Sustainability is the norm for Four Seasons Produce
Several factors came together to launch Ephrata, Pa.-based Four Seasons Produce Inc. into the sustainability arena.
One is the company’s culture of innovation and penchant for “always looking for ways to do more with less,” said Nelson Longenecker, vice president of business innovation.
Another is Longenecker’s own interest in biology, which goes back to his college days, well before he entered the business world.
Then there’s Randy Groff, Four Seasons’ director of facilities and energy, who Longenecker said “is passionate” about finding facility and equipment options that better serve the company.
Tying together all these things is support from the company’s leadership along with president Jason Hollinger’s belief that a company’s role is “to be a blessing” by leaving the community, the environment and the people it affects better off than they would be without it.
“We take the position that what’s good for the community, the environment and future generations can also be very good for business,” Longenecker said.
Four Seasons Produce, a full-service wholesale distributor of local, organic and conventional produce and other fresh foods, realizes that sustainable practices, if implemented properly, bring financial rewards, he said.
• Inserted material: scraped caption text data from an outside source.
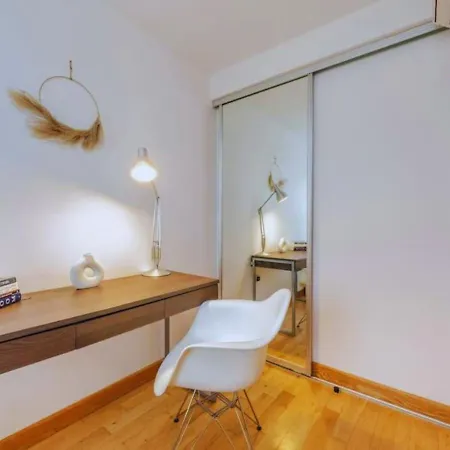 Kensington & Chelsea - Stylish In Central Apartment
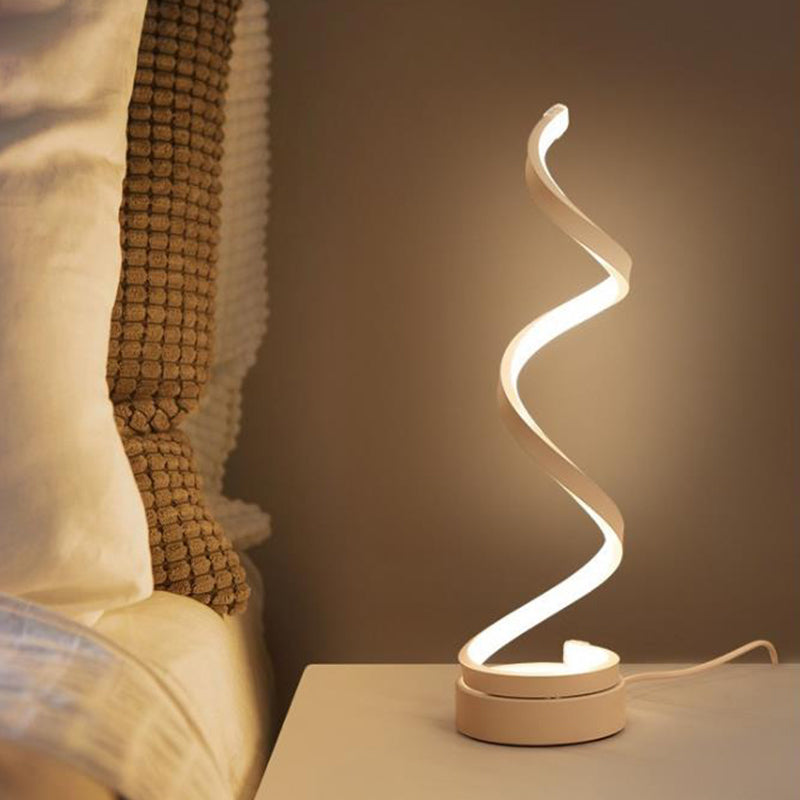 Skanto | Spiral Bånd Metall Bordlampe Enkelhet Svart/Hvit/Gull LED Arbeidsbelysning med Rund Bunn i Varm/Hvit Lys
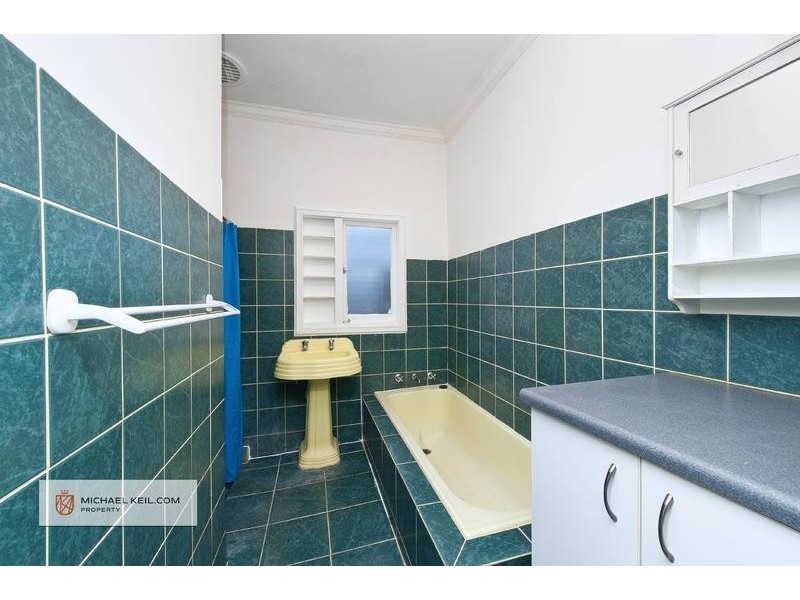 11 Kitchener Ave, Bayswater WA 6053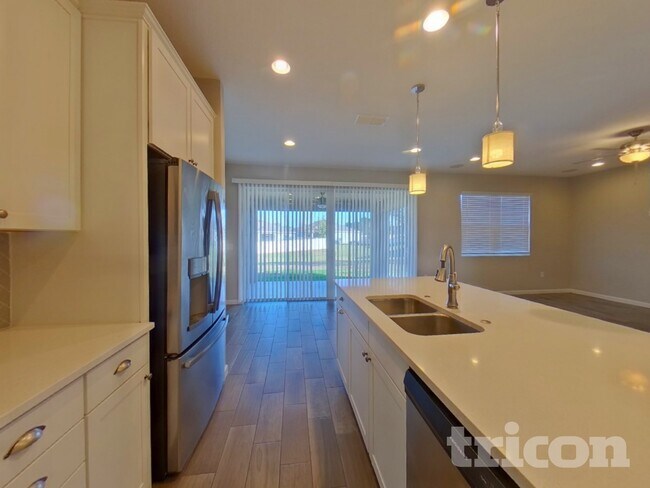 Building Photo - 201 Sangmon Ct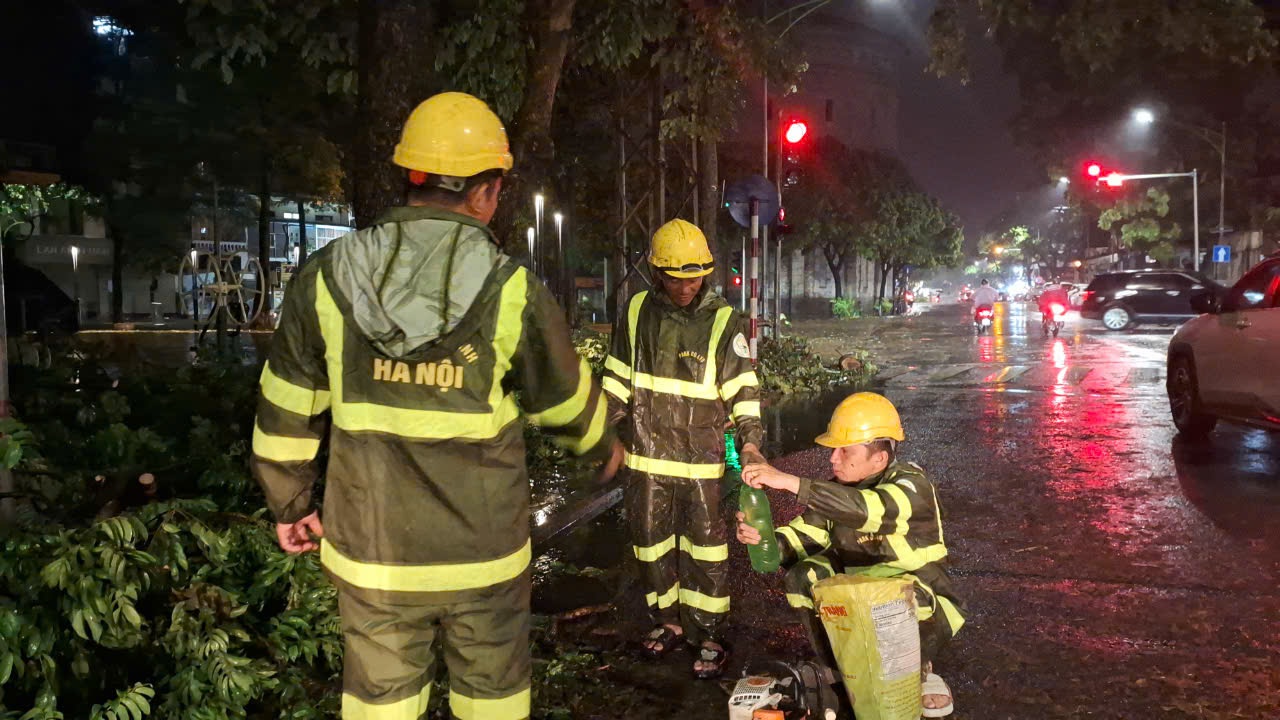 VIDEO: Miệt mài xuyên đêm hỗ trợ Hà Nội, Hải Phòng dọn dẹp cây xanh gãy đổ sau bão số 3- Ảnh 9.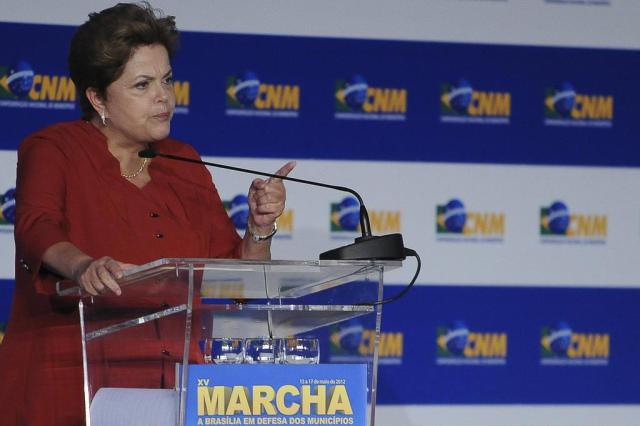 Dilma é vaiada na abertura da 15ª Marcha dos Prefeitos, em Brasília Wilson Dias/A Br Dilma é vaiada na abertura da 15ª Marcha dos Prefeitos, em Brasília Wilson Dias/A Br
“The lasting sustainable efforts are the ones that pay for themselves,” he said.
The company recently learned that some of its energy-reduction efforts are going to pay the firm back to the tune of six figures in terms of a lower energy bill, he said.
“Companies that stay focused on these sorts of things actually can become more competitive than those that don’t,” Longenecker said.
The more than two dozen energy-efficiency projects the company has implemented since 2006 have cost thousands of dollars, but many returned their investment in two years or less.
Four Seasons’ first energy-efficiency project was changing the lighting in the warehouse. The company now is 100% LED inside and out.
The company also:
Added a variable frequency drive to one of its four hybrid refrigeration system compressors, allowing one compressor to ramp up and down during the day rather than running 24/7;
Changed the schedule for defrosting evaporators to run heaters at staggered times of the day at a lower temperature and for shorter periods of time; and
Installed an array of 3,900 solar panels on the company’s warehouse roof.
The solar panel array, which Longenecker said will pay for itself in less than three years, produces 1.3 megawatts of energy during peak daylight hours, providing one-sixth of the power used per year by the company’s warehouse and headquarters offices.
Meanwhile, the energy the array creates is reducing Four Seasons’ greenhouse gas emissions.
By striving for sustainability, the company has reduced energy by 58% per case it ships, reduced electricity by 17% and cut gas use by 56% from their respective peaks, according to a case study published on the Produce Marketing Association’s website.
The company has reduced waste per case shipped by 80% and has achieved an 88% waste diversion rate.
No one person is responsible for coming up with sustainable innovations at Four Seasons.
“We try to get more people thinking about it all the time,” Longenecker said.
“It really is part of who you become.”